Arriba, en la superficie, te esperan jueces que deben verificar, primero, que lleves el ticket que cogiste en la profundidad, la prueba de que lo has logrado. Generalmente se lo esconde uno en el wetsuit y hay que encontrarlo rápido, porque el frenesí no cesa en el mundo de la apnea. Hasta que llegan esos 15 segundos que vistos desde fuera dan una angustia enorme pero infinitamente menor que la que debe sentir aquel que compite por retener el oxígeno en su cuerpo.

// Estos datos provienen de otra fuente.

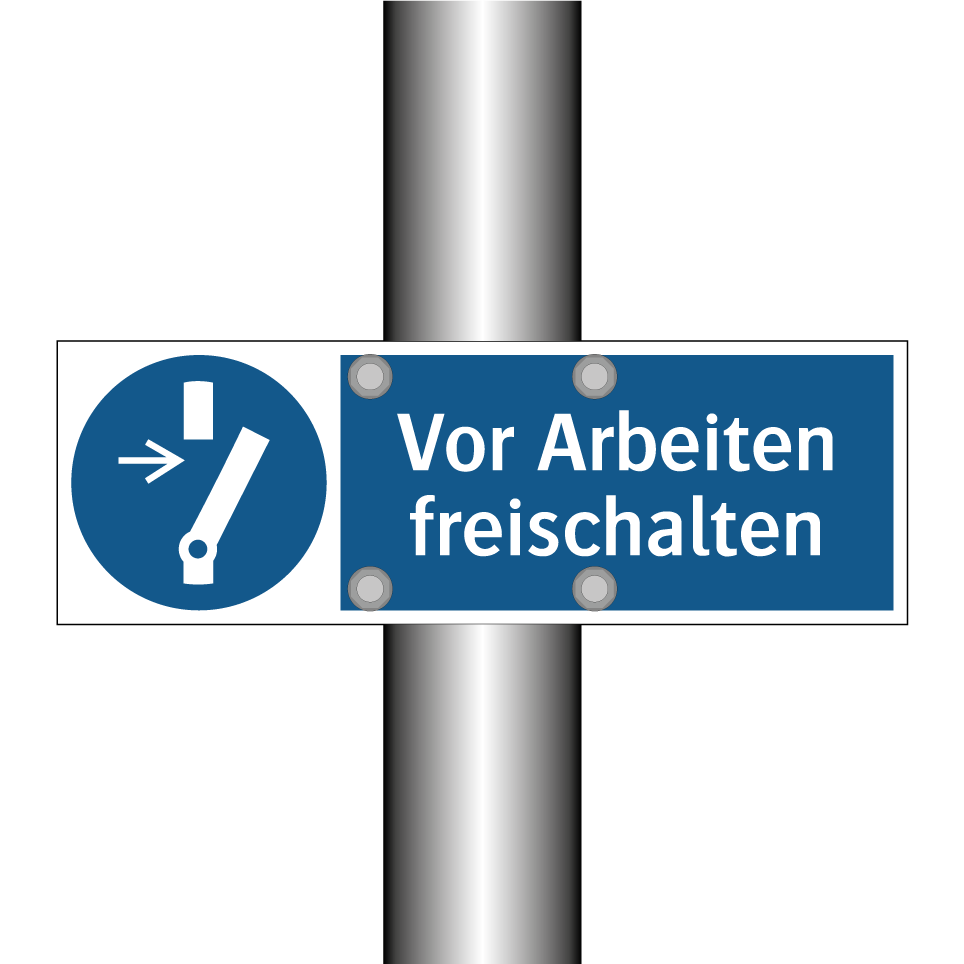 Vor Arbeiten freischalten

Solo tienes 15 segundos para sacarte la pinza de la nariz, hacer un signo de OK con las manos y decir “estoy bien”. Durante esos 15 segundos y los 15 siguientes hay un jurado revisando que hayas ejecutado el protocolo de superficie a la perfección y que no pierdas el conocimiento. Si es así, tu marca cuenta. Y tú vuelves al mundo como volver a nacer.

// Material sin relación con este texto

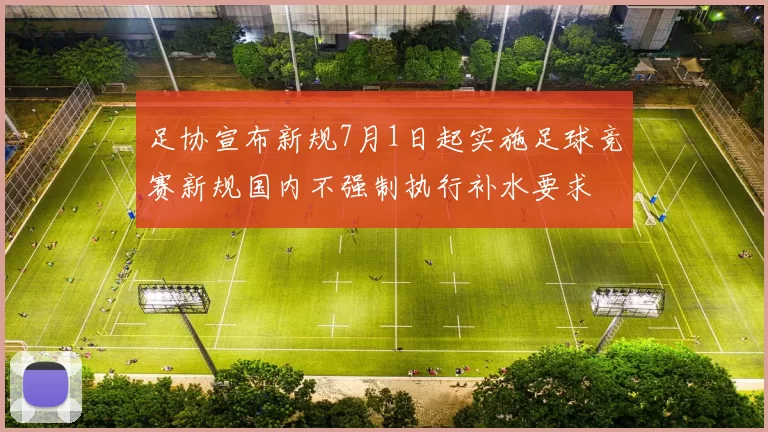 足协宣布新规7月1日起实施足球竞赛新规国内不强制执行补水要求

Fabian Dittrich cumpliendo el protocolo de superficie. / Laura Mommicchi

“Es una felicidad inmensa volver, es como que has dejado atrás una parte humana que tiene que ver con la parte racional del cerebro. Te convertiste en un animal, viviendo el presente, como un reptil. Has vuelto de una manera un millón de años atrás en la evolución de la especie. Solo ‘estar’ solo ‘ser’. Sin presente, sin futuro. Eso se siente muy bien, y en un mundo con tantas cosas, apagar la mente es clave a veces”, nos dice.

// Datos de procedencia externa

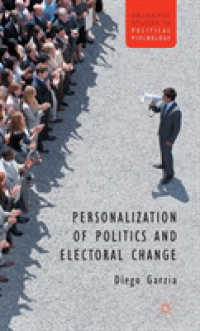 選挙にみる政治の個人化<br>Personalization of Politics and Electoral Change (Palgrave Studies in Political Psychology)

Hemos hablado con Fabian varias veces sobre lo que significa para él ser apneista. Primero, en un corto paso por Lima hace un año. Luego, en medio de lo que ha significado su entrenamiento para intentar lograr una marca: después de estar en nuestro país, viajó a Nicaragua y estuvo tres meses practicando en Laguna de Apoyo, un cuerpo de agua que queda en un volcán inactivo donde no hay tanto frío ni corrientes, lo que le permitió concentrarse solo en aguantar la respiración. Su objetivo entonces era dejar de ser el segundo apneista de Alemania para volverse el primero, pero nunca fue algo que tuviera como una obsesión: “Sin querer queriendo”, le dije entonces. Y se volvió su mantra.

“Sin querer queriendo” es como pienso que Fabian ha hecho muchas cosas a lo largo de su vida: desde conducir su oficina móvil por el mundo hasta conocer a Pepe Salcedo, un plusmarquista en esto de la apnea que fue quien le enseñó a sumergirse en un cenote en México. También es aquello que lo llevó a estudiar como facilitador de breathworking o a comprar la casita en Montenegro que hoy ha tomado la forma de un centro llamado SeaSpace donde cualquier persona que quiera puede experimentar la disciplina de la apnea. También a escribir un libro y decidirse a que, cuando deje la apnea seguirá trabajando en eso que todos creemos que hacemos bien: respirar, “aunque sea en la tierra”.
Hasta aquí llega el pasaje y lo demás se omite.